In a training session a few weeks ago the conversation turned to office layout, noise, distractions and efficiency. We’d discussed the working preferences of the members of the team and several commented that they were distracted by noise. Then Tess chipped in.
“You guys know I found the noise in the big office difficult.” (Most of the staff work in a large open-plan office.)
“Since I moved into my tiny office” (jokes started flying about Tess’s ‘cupboard‘) “I achieve the same amount of work in four days (and sometimes more) than I used to do in five.”
Dramatic as Tess’s story is, I’ve heard variations of it ever since I began this work 20 years ago. The thing is, open plan is not the preference of most workers. Result? A huge but largely invisible waste of company resources. Yes there are benefits. But is it really a cost-saver? How many people, when planning a new office layout, take into account the lost opportunity cost of interruptions.

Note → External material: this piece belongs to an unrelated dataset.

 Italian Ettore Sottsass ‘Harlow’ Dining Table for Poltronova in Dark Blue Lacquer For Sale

When writing my second book ‘Getting A Grip On The Paper War’ I surveyed my ‘Top Time Tips’ ezine readers with three short questions about their preferred working style and how easily they’re distracted by surrounding noise.
From 3867 ezine subscribers enrolled at the time (now around 11,500), we had a 12.5 per cent response rate, and that was without offering any delicious inducement such as a trip to Fiji! I’d tapped a raw nerve!

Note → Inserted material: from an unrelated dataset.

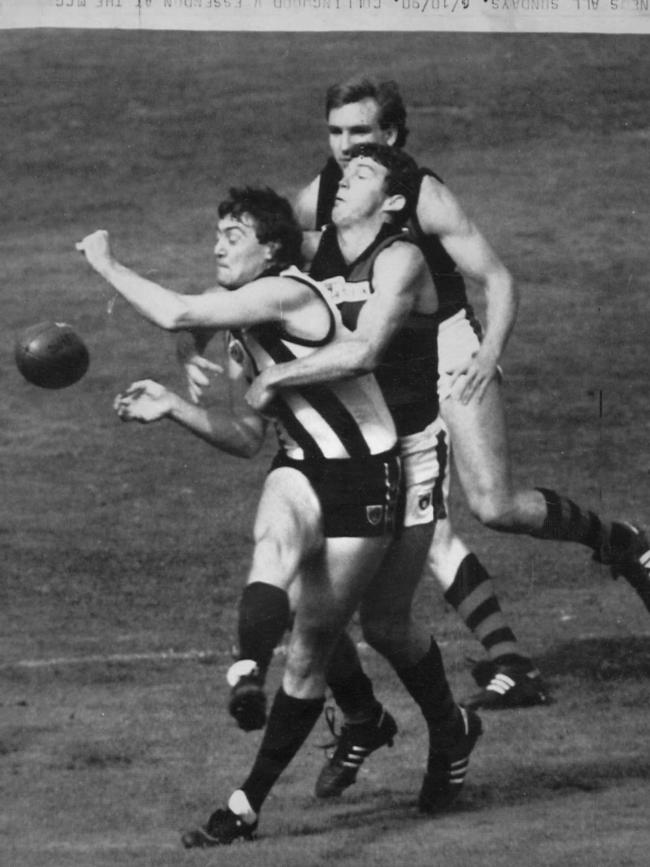 Mick McGuane in the 1990 grand final win against Essendon. He started his career at Sebastopol. (Pic: EX NEWS MELB B/C)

If you want the best productivity out of your staff, you might want to consider the following results:
- Prefer open plan – 9.8 per cent
- Prefer to work in a separate office, or away from others – 41.4 per cent
- Depends what they’re doing. Need quiet when they’re concentrating – 41 per cent
- Don’t mind, can work in any situation – 4.9 per cent
So am I saying open plan layouts are all bad? No. But I am saying that they need managing if you’re to have any hope of reasonable efficiency in this heavily interruption-prone environment.

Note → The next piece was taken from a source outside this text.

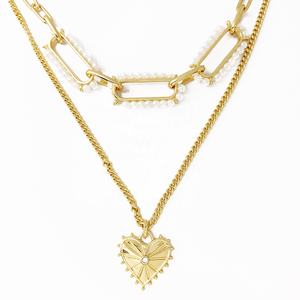 قلادة كلاسيكية بسلسلة مزدوجة من سبيكة الزنك على شكل قلب مع لؤلؤ صناعي مطلي بالذهب عيار 18 قيراط للنساء - Product Image 5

If open plan layout is a productivity drain in your organisation, check the following simple strategies. (You’ll find each of them expanded in “Getting A Grip On The Paper War‘)
1. Quiet rooms – with a phone, a computer terminal and a door.
2. Headsets. Great as both a visual signal that you don’t want to be disturbed, and also to block background noise. You may not even have music playing, but if you do, choose something that doesn’t disrupt your thinking.
3. Red time/green time. Red time is a period of the day when no-one is allowed to interrupt you. Green time is when you will take interruptions, even though of course you’re always busy. Create a signal that everyone recognises. The signal or symbol sends a silent visual message to potential interrupters (as long as team members are educated to take the issue seriously).
4. Shut the door (if you have one) for at least an hour a day, and allow no interruptions. This is an extension of the red time/green time strategy.
Management theory has gone too far down the ‘I must be always there for my people’ philosophy, to the point that many managers feel as though all they do is everybody else’s work instead of their own. Result? They go home either exhausted from over-work and ridiculous hours or frustrated because they were so busy helping everyone else they never got their own work done. Bad plan!
5. Work from home some of the time, or somewhere off-site.
6. Hot desks. This is becoming fashionable in large firms with expensive CBD floor space. People who spend a lot of time out of office, e.g. sales reps or consultants, don’t need a fully dedicated office. Instead, they either bring their files and laptop with them whenever they need to be at the office, or some companies have roll-out desks which are folded up and parked in storage whilst the owner is offsite.
In some cases the mobile worker books space; in other companies there are enough free spaces for whoever needs them. Typically a mobile workspace is only a small desk, a phone, power and an intranet connection or wireless capability. When each user leaves they take their personal items, leaving the space free for the next occupant.